» **TASK ITEM**
Write out, word for word, the part of the listing below that opens with the line containing "Malownicza działka z linią brzegową jeziora" and closes with the line containing "Sillón de cuero", keeping both of those lines and adding no others.

» **DATA SHOWN**
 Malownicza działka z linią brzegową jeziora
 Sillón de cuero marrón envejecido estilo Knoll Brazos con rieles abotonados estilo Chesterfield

==

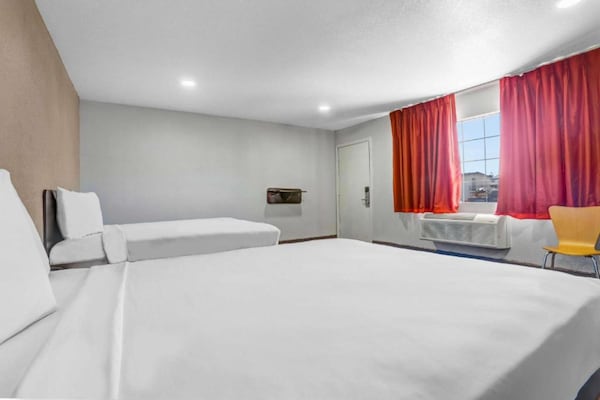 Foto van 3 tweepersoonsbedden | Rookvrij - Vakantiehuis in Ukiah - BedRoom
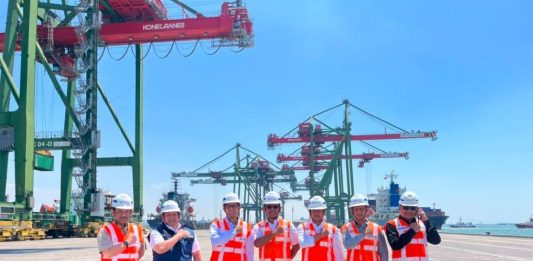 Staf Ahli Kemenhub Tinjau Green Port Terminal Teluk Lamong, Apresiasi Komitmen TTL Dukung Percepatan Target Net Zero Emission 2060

» **ANSWER SPACE**
 Malownicza działka z linią brzegową jeziora
 Sillón de cuero marrón envejecido estilo Knoll Brazos con rieles abotonados estilo Chesterfield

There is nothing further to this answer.